New Book: The Real Pepsi Challenge
I'm a Diet Coke fan all the way, but a new book reviewed today in USA TODAY sounds interesting: THE REAL PEPSI CHALLENGE: THE INSPIRATIONAL STORY OF BREAKING THE COLOR BARRIER IN AMERICAN BUSINESS by Stephanie Capparell.
The book details Pepsi's efforts to market their product to blacks in the 1940s, and the company's hiring of a dozen black men in their marketing department: "...the heroes of Capparell's book are the black sales reps who stepped across the threshold, breaking a 'color barrier' in the corporate world some seven years before Jackie Robinson did the same in baseball."
"...the Pepsi team was traveling a largely segregated country.
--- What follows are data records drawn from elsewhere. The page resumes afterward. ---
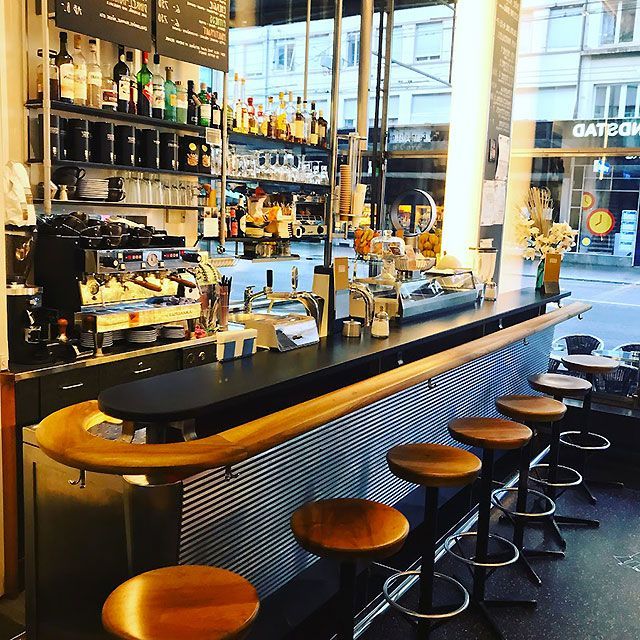 Intérieur d'un café avec des tabourets de bar le long d'un comptoir en bois incurvé, des bouteilles sur des étagères et une machine à café.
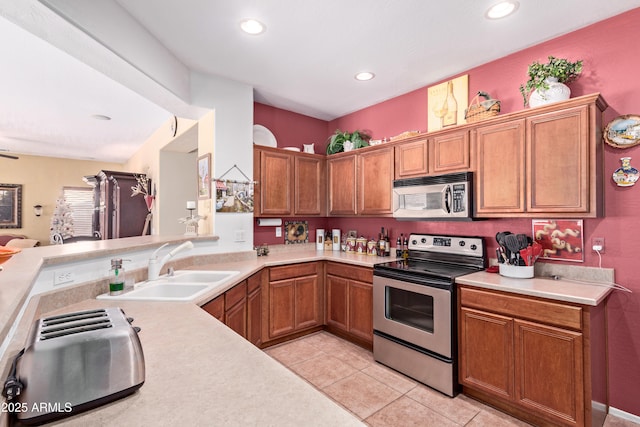 5314 W Bowker St, Laveen, AZ 85339 - kitchen with appliances with stainless steel finishes, light countertops, light tile patterned floors, recessed lighting, and brown cabinets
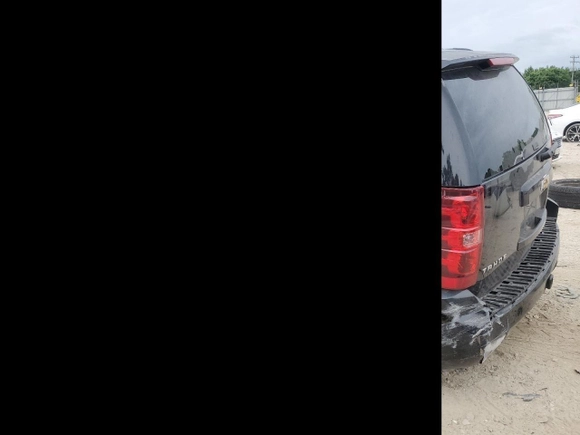 2008 Chevrolet Tahoe LS with VIN 1GNFC13C48R152651, listed as a Copart auction lot 56142225 with 221,172 mi miles and Salvage title. Bid and sale history available at DreamBid. Image 2.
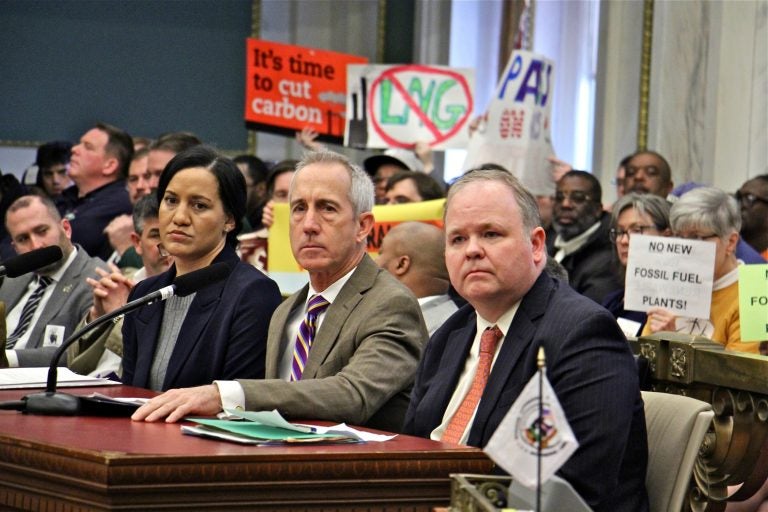 Representatives of Philadelphia Gas Works (from left) Melanie McCottry and President and CEO Craig White, and Matthew Tayler of Liberty Energy Trust, testify before the Committee on Transportation and Public Utilities while opponents raise signs in protest. (Emma Lee/WHYY)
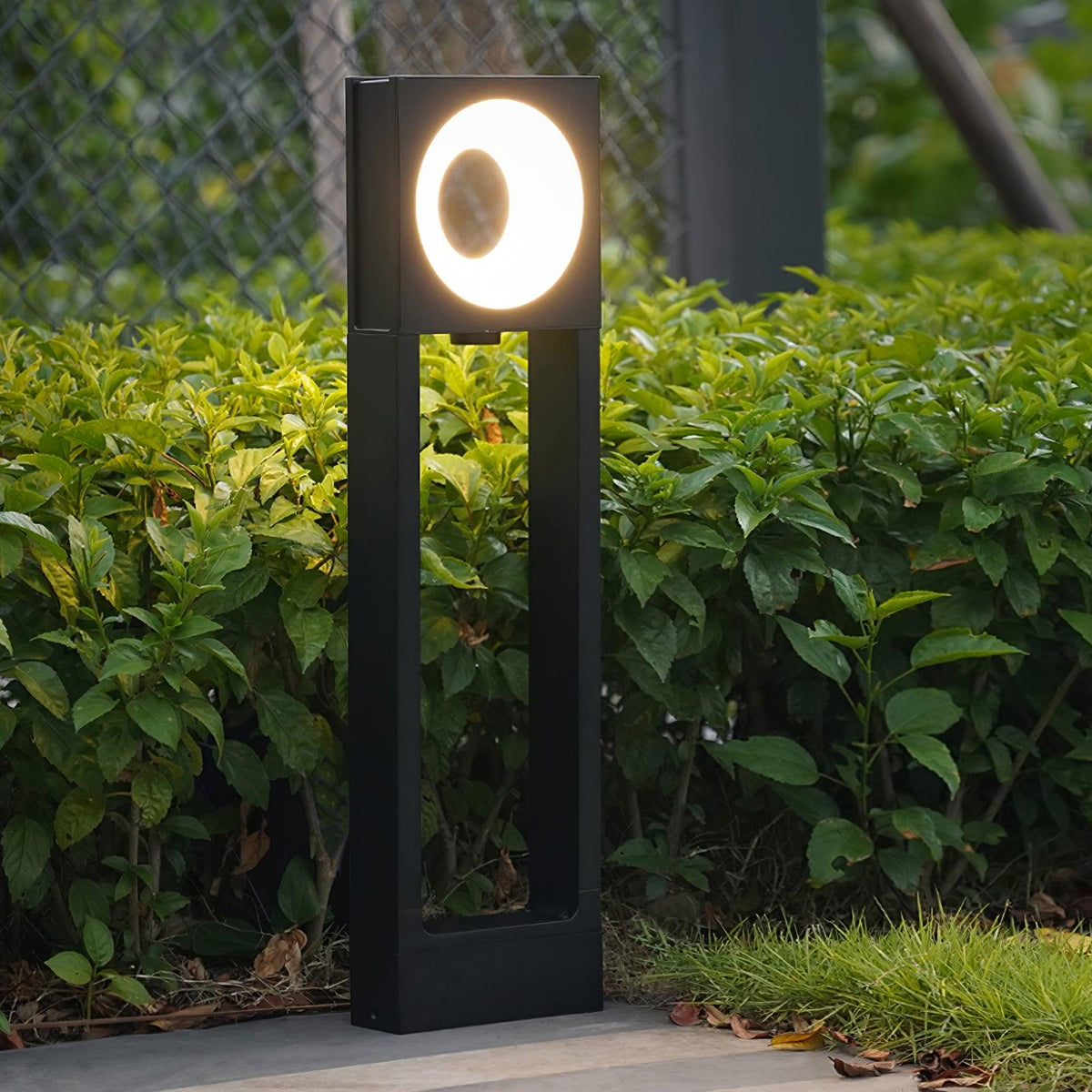 Baliza de jardín LED Oliano – remate cuadrado encendido en un jardín
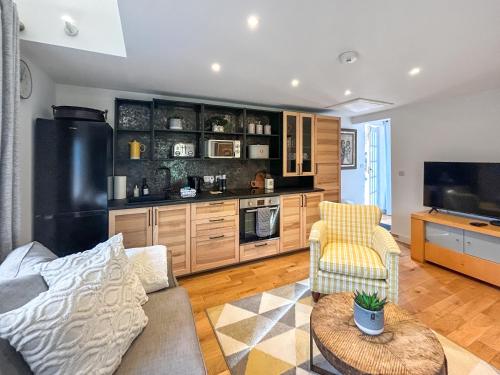 a living room with a couch and a tv at Eagles Nest in Guildford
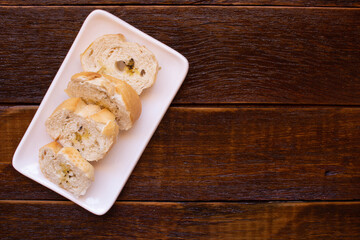 White dish with toasted bread on wooden background. Top view with copy space.
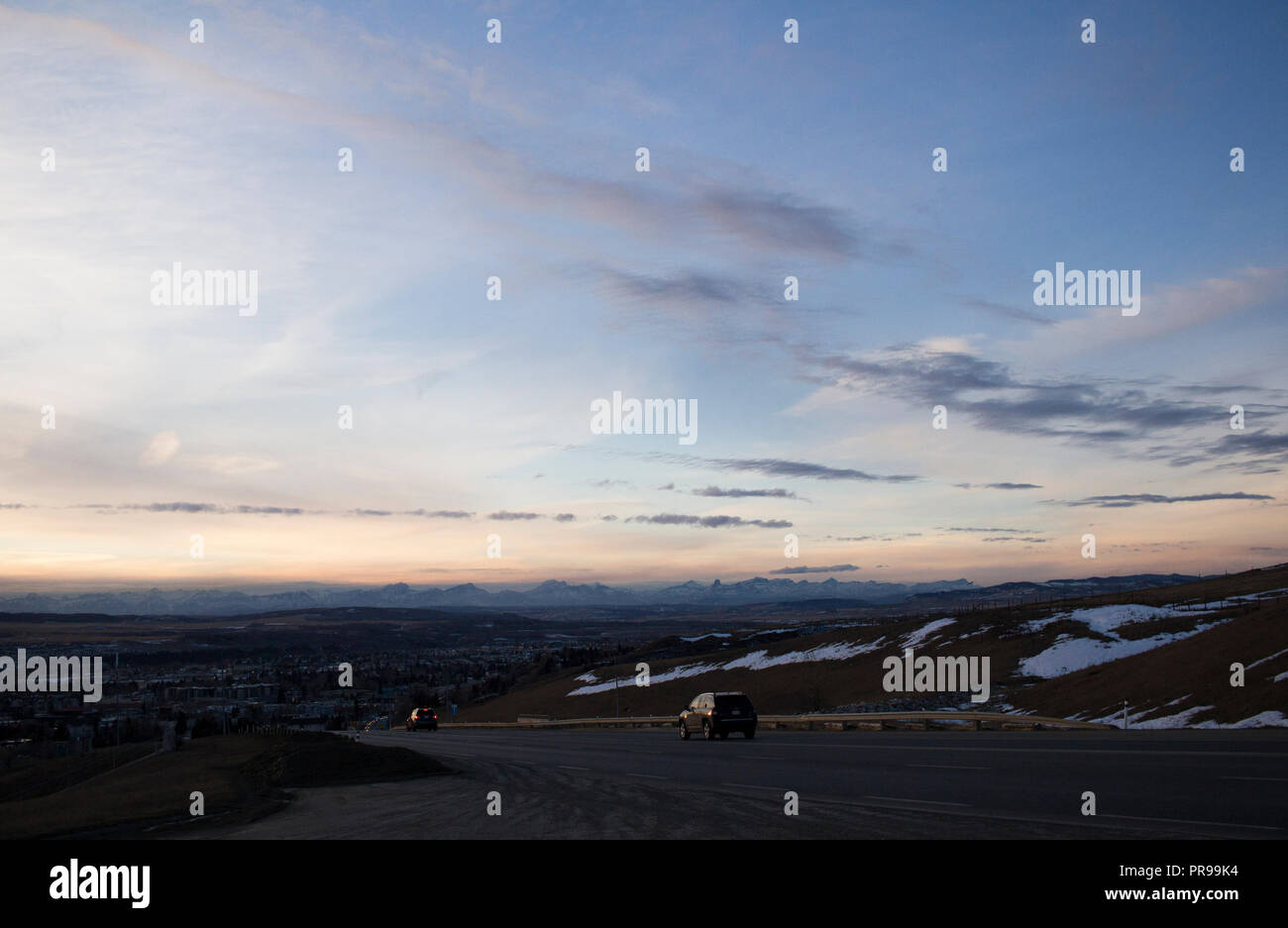 Si affaccia sulla città di Cochrane in un tramonto in inverno con fabbriche per la cottura a vapore contro le montagne rocciose. Foto Stock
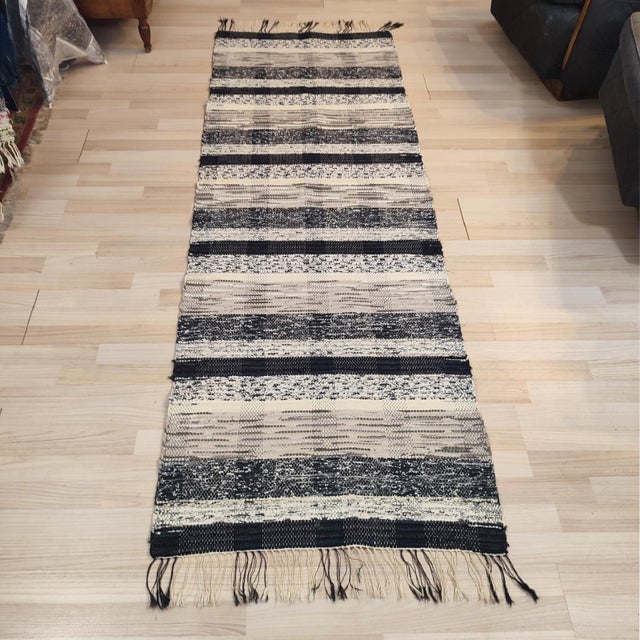 A mid-20th-century Swedish rag rug, it features a geometric stripe design in muted ecru, white, grey, and black tones....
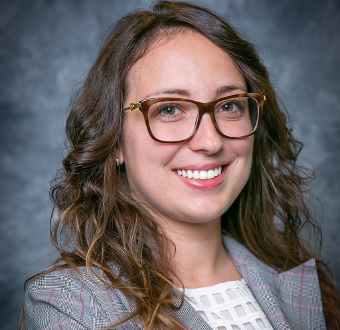 Woman wearing suit and glasses smiling for the camera.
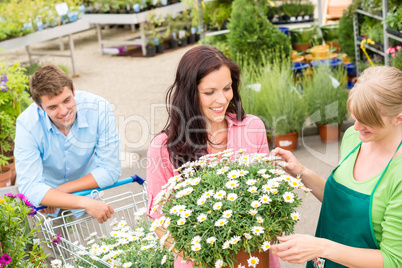 Florist assist woman choose flowers garden store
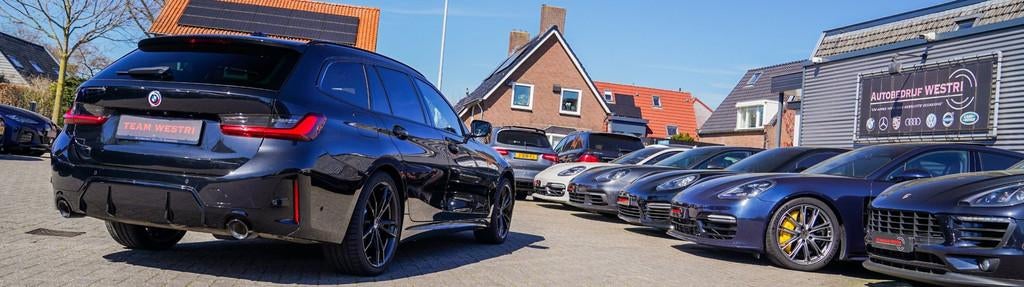 BMW 3-serie Touring 330e xDrive | Head Up Display | M Sports, 1998 cc, Gebruikt, 4 cilinders, Zwart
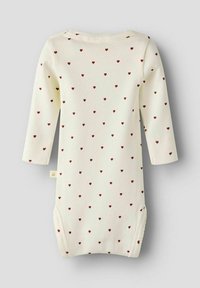 Kremowy kombinezon z długim rękawem, z wzorem małych czerwonych serc, wyeksponowany na jasnoszarym tle.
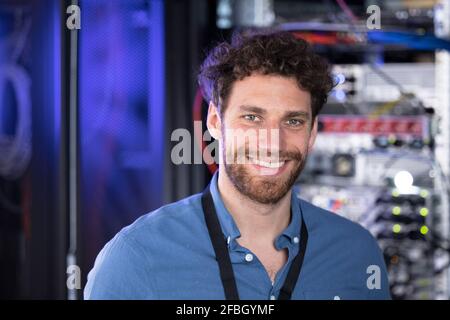 Glücklicher männlicher IT-Techniker, der im Rechenzentrum steht Stockfoto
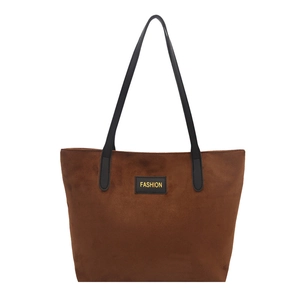 Vintage large brown tote bag with matte texture and black straps on white background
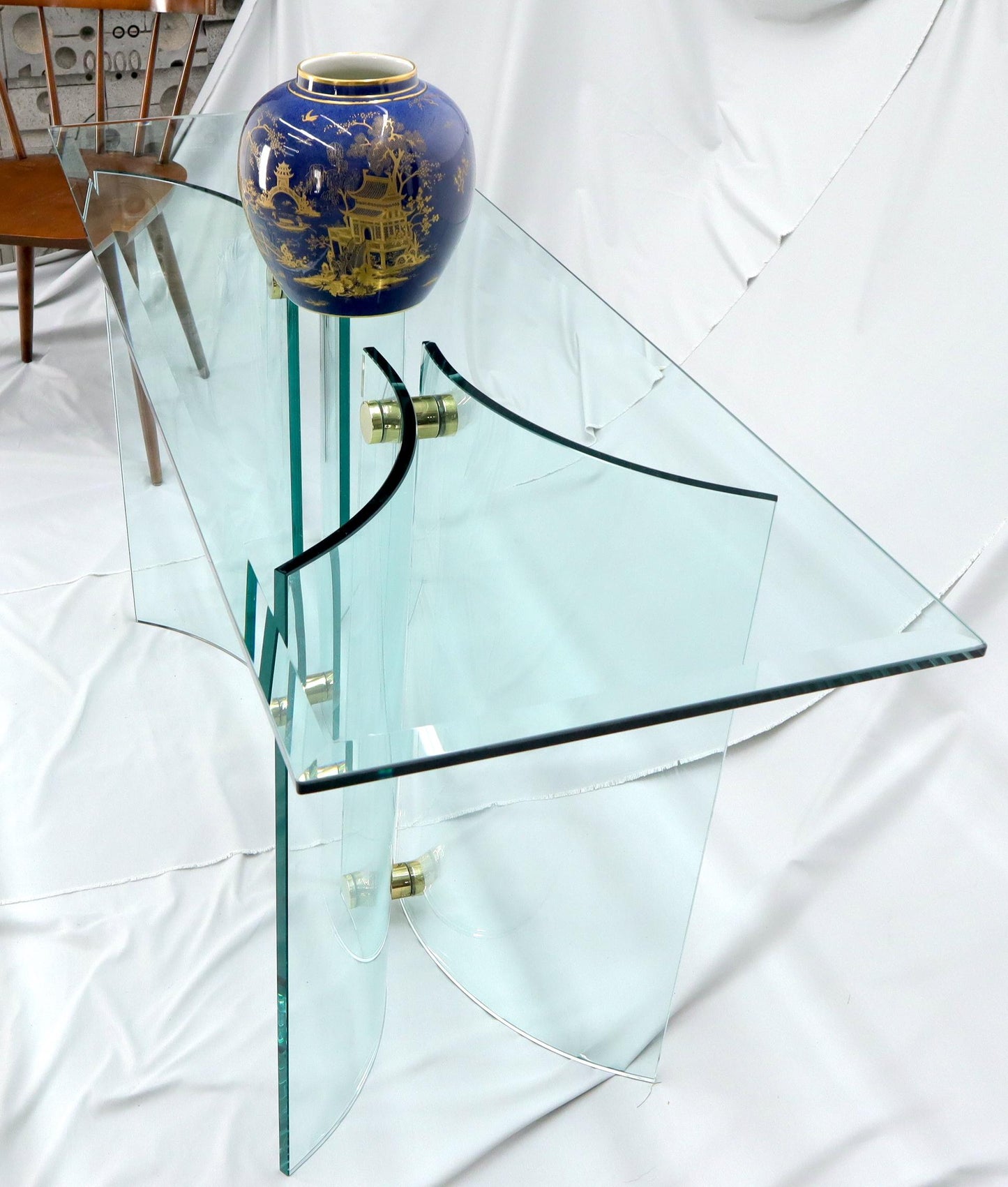 EstablishedLines Curved Glass Base Glass Top Brass Stretchers Console Table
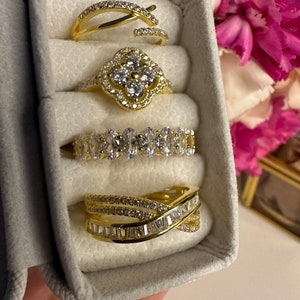 May include: Four gold rings with clear cubic zirconia stones in a white velvet ring box. The rings are stacked on top of each other.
They were forced to sit in the backs of buses, ride in separate train compartments, eat behind closed curtains in dining cars and stay with a network of families because many hotels didn't want their business."
This sounds like an interesting slice of American history.
However, I think I might disagree with the author's conclusion, per the review, in which she sees this as a problem: "Managers today aren't so much thinking about how to keep minorities out, she writes, as not thinking about minorities at all."
I'd say that should be regarded as a sign of progress...hopefully an indicator that six decades later, we are nearing the goal of a colorblind society.